AIM OF THE EXERCISE
When you reproduce these records, keep every word exactly and drop the images.

Dataset excerpts:
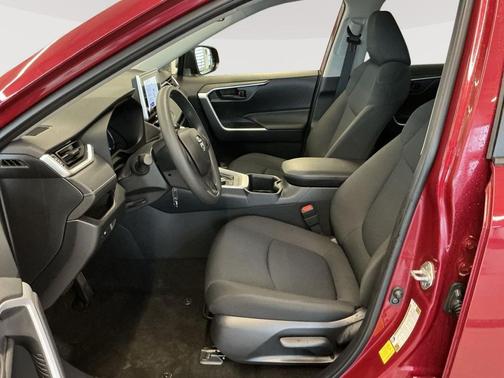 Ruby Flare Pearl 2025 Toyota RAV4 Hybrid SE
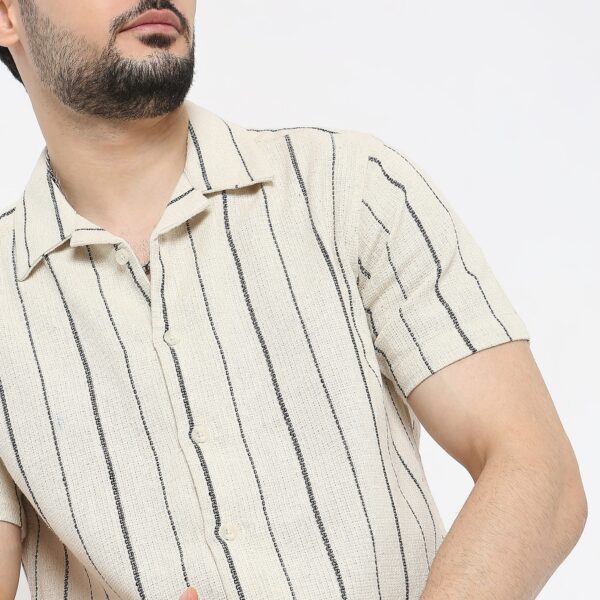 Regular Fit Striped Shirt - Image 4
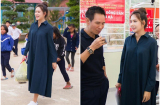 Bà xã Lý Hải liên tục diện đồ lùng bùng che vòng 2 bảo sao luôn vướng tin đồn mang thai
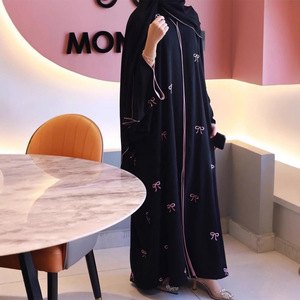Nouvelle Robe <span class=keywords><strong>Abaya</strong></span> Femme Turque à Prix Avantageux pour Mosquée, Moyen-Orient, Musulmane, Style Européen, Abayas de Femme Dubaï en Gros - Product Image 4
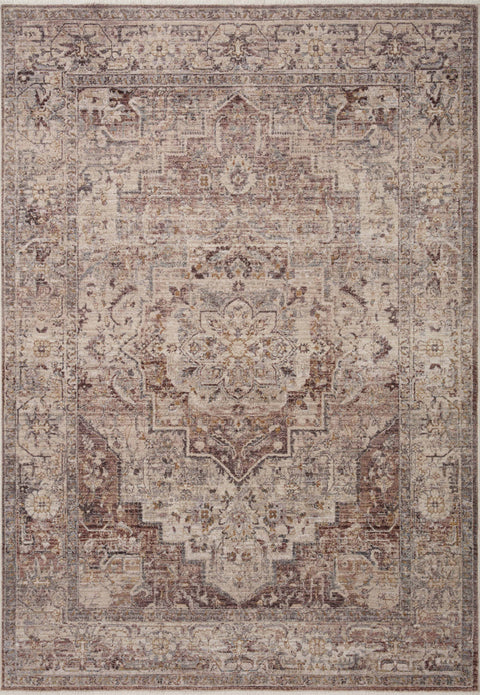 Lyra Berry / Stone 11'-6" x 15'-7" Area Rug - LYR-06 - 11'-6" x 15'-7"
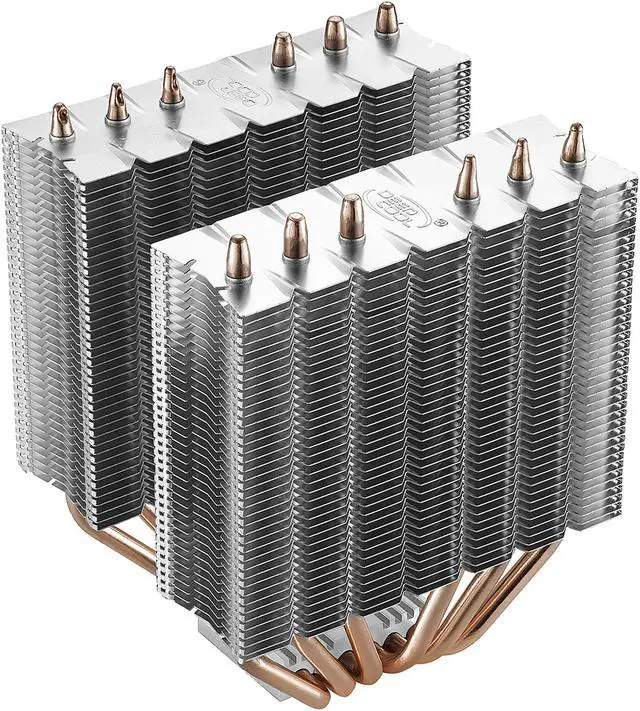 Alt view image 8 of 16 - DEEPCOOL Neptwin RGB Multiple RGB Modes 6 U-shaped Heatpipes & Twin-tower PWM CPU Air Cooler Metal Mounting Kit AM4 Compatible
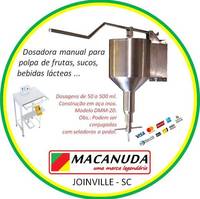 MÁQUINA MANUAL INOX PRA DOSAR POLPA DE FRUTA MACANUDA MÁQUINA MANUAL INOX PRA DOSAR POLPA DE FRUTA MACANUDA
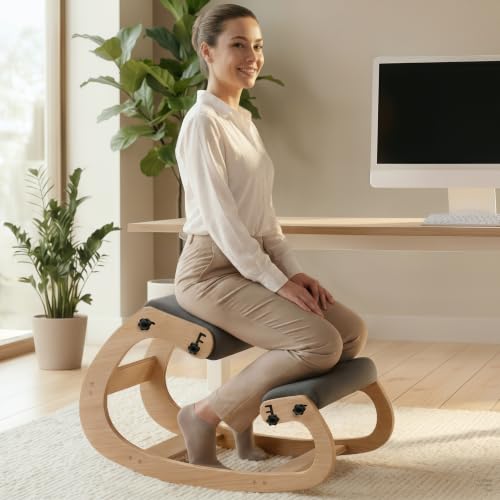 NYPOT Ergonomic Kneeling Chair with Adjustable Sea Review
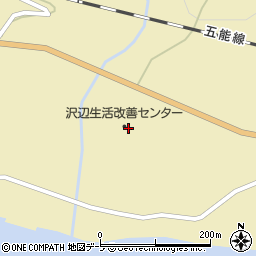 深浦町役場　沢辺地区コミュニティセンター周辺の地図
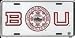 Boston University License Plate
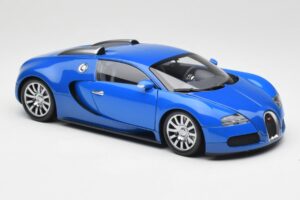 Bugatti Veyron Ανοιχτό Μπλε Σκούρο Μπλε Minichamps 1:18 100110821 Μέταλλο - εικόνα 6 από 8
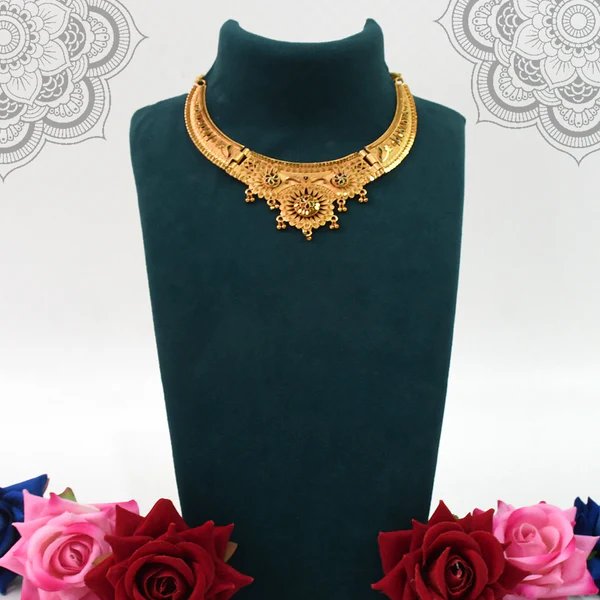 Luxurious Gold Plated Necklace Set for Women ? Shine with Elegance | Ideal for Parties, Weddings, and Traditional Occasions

RESULT OF THE TASK
 Ruby Flare Pearl 2025 Toyota RAV4 Hybrid SE
 Regular Fit Striped Shirt - Image 4
 Bà xã Lý Hải liên tục diện đồ lùng bùng che vòng 2 bảo sao luôn vướng tin đồn mang thai
Nouvelle Robe <span class=keywords><strong>Abaya</strong></span> Femme Turque à Prix Avantageux pour Mosquée, Moyen-Orient, Musulmane, Style Européen, Abayas de Femme Dubaï en Gros - Product Image 4
 Lyra Berry / Stone 11'-6" x 15'-7" Area Rug - LYR-06 - 11'-6" x 15'-7"
 Alt view image 8 of 16 - DEEPCOOL Neptwin RGB Multiple RGB Modes 6 U-shaped Heatpipes & Twin-tower PWM CPU Air Cooler Metal Mounting Kit AM4 Compatible
 MÁQUINA MANUAL INOX PRA DOSAR POLPA DE FRUTA MACANUDA MÁQUINA MANUAL INOX PRA DOSAR POLPA DE FRUTA MACANUDA
 NYPOT Ergonomic Kneeling Chair with Adjustable Sea Review
 深浦町役場　沢辺地区コミュニティセンター周辺の地図
 Boston University License Plate
 Bugatti Veyron Ανοιχτό Μπλε Σκούρο Μπλε Minichamps 1:18 100110821 Μέταλλο - εικόνα 6 από 8
 Luxurious Gold Plated Necklace Set for Women ? Shine with Elegance | Ideal for Parties, Weddings, and Traditional Occasions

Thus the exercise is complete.